Perhaps the best-known example is the impact that the first oil shock, at the end of 1973 and the beginning of 1974, had on energy consumption. For the previous 100 years the energy efficiency of Western economies had been improving slowly. We used much more energy, of course, but energy use per unit of output had been falling. Power stations in 1970 were much larger than power stations in 1920 but they were also much more efficient. But progress was slow and uneven until the oil shock when, within three or four years, the world made a sudden leap forward. In some areas there has been a bit of back-sliding since then, but the point that the shock reinforced an existing trend still stands.
Now think about beef.
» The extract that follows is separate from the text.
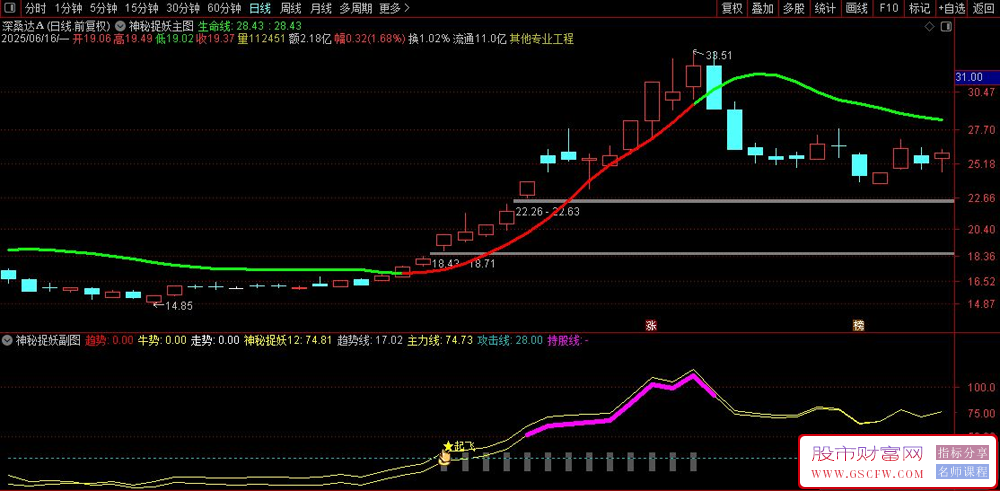 通达信神秘捉妖副图+选股,捕捉个股主升浪和妖股启动信号_展示图_03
The shock is principally a British one, for BSE is unusual elsewhere, and we should not kid ourselves that we are, as a country, important enough to have any great social impact on the rest of the world. Yet the beef crisis reinforces some behavioural changes that are happening here and also taking place in other Western countries. So a question mark over British beef will to some extent make people elsewhere think about the food the West eats, the way it produces it, and the implications for the global food balance.
First, the food we eat: one of the facts that has repeatedly been quoted is that people have been cutting back on beef over the last decade. And not just Britons. With the exception of Japan, where beef consumption is traditionally low, people in all large developed countries are tending to eat less red meat.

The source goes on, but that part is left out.